Если бы меня спросили, какой он, Константин Меладзе, я сказала бы, что по степени концентрации на творчестве он напоминает главного героя сериала «Оттепель». В своем многолетнем знакомстве с Меладзе я не продвинулась ни на шаг в его «изучении». Аутичный, интеллигентный, умный, практически не пропускающий внешний мир, он, кажется, не нуждается в большинстве атрибутов, которые мы называем радостями жизни.
Прочитав его немногочисленные интервью, вы с удивлением обнаружите, что понятно только каждое его слово в отдельности. Вместе они как-будто ничего и не означают. И не потому, что ему нечего сказать. Просто он не слишком хочет говорить.
«МНЕ НЕИНТЕРЕСНО, ЧЕМ ЖИВЕТ НАША БУРЖУАЗИЯ»
– Костя, новостные ленты полны сейчас политическими новостями: Путин, Майдан, Ходорковский, ЕС, Таможенный союз и прочее. Вас интересуют такие новости?
– Я живу подолгу и в Украине, и в России, поэтому, естественно, меня беспокоит и задевает все, что здесь происходит. Иное дело, что я не люблю говорить о политике публично. Скажу так: нормальный человек склонен жалеть людей обиженных и пострадавших. Независимо от политических взглядов, от того, в каком лагере находится человек, у меня инстинктивное сострадание к тем, кто в данный момент слабее.

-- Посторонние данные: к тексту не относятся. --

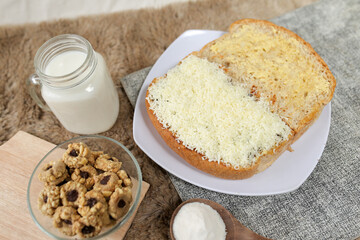 Bread with cheese, sweetened condensed milk, and butter. With white milk and snack on a table for breakfast	
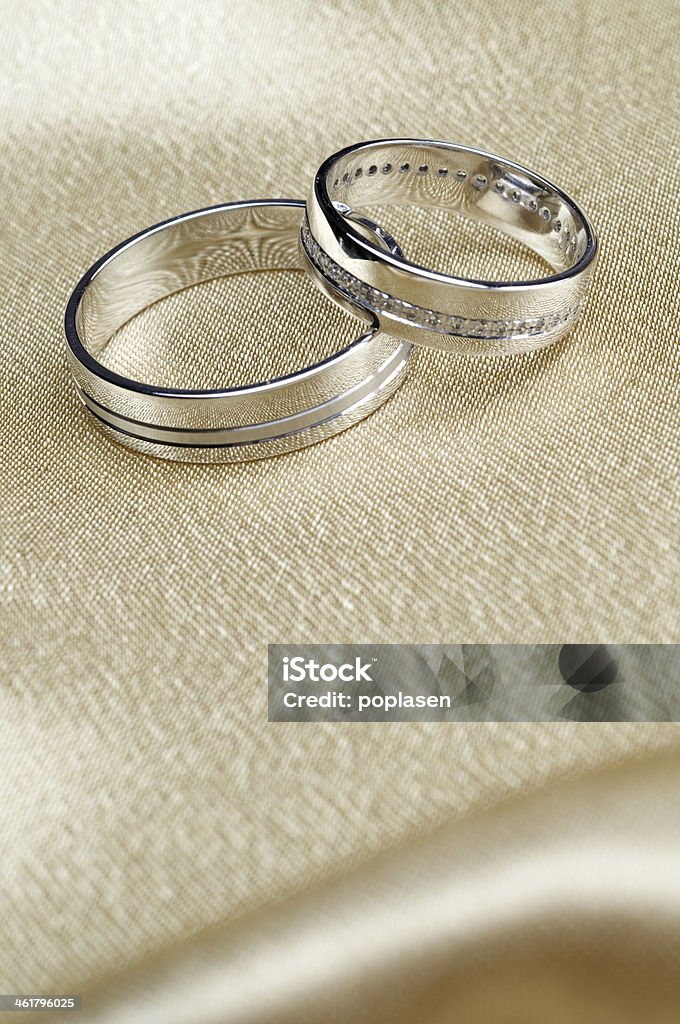 elegant engagement rings white gold rings on each other in satin Celebration Stock Photo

– В каком-то эфире я уже говорила, что наша постсоветская буржуазия, поселившись за четырехметровыми заборами, создала себе иллюзию отдельного мира, как в романах Пелевина. Однако невозможно создать отдельный мир в стране, где элиту съедает страх и она ставит возле своих особняков вышки с охранниками.
– Я не общаюсь с людьми, живущими за этими заборами. Так складывается моя жизнь. И я даже не задумываюсь, почему так происходит. Мне кажется, человек живет так, как он хочет. По-моему, жизнь, в которой деньги – самоцель и культ, в которой меряются тем, чей особняк круче и чей охранник выше, ущербна и малоинтересна. Зрелые же люди понимают, что есть другая жизнь, духовная, если хотите.
– Сериал «Оттепель» – большой успех. И Валерия Тодоровского как режиссера, и ваш как композитора. Практически все рецензенты отметили блестящую работу Меладзе. Вам близок главный герой?
– Вот вы меня спросили об этих людях, о заборах, об элите, и я что-то мямлил, потому что мне реально нечего сказать о так называемой буржуазии. Я не знаю, чем эти люди живут, не понимаю их. Более того, они мне неинтересны.
А вот вопрос о Тодоровском и «Оттепели», безусловно, ко мне. Я с Валерием делаю уже второй фильм подряд, это редкий случай. В «Оттепель» я как один из «стиляг» перешел, а группа была совершенно другая. Основа успеха фильмов Тодоровского – дух, который царит на площадке.
И вот эти люди мне гораздо ближе, чем те, за заборами. Я понимаю, что движет творческими людьми. Могу сказать на своем примере: для меня нет ничего важнее, чем в данный момент сделать какую-то песню, чтобы из этой песни вышло что-то путное, то, что я хочу. Даже если я буду болен, я все равно приползу в студию и буду работать. Вот то же самое и у актеров, режиссеров – это люди, способные ради своей профессии на все. Совершенно алогичный такой слой населения – они непонятны многим, но они понятны друг другу.
«НЫНЕШНЕЕ ВРЕМЯ НЕПРОСТО МИФОЛОГИЗИРОВАТЬ»
– А, как вы считаете, нет ли некоторой ущербности в том, что взрослые люди не сильно понимают, что делать со своей жизнью, когда их лишают, например, съемочной площадки, или студии, или еще чего-то?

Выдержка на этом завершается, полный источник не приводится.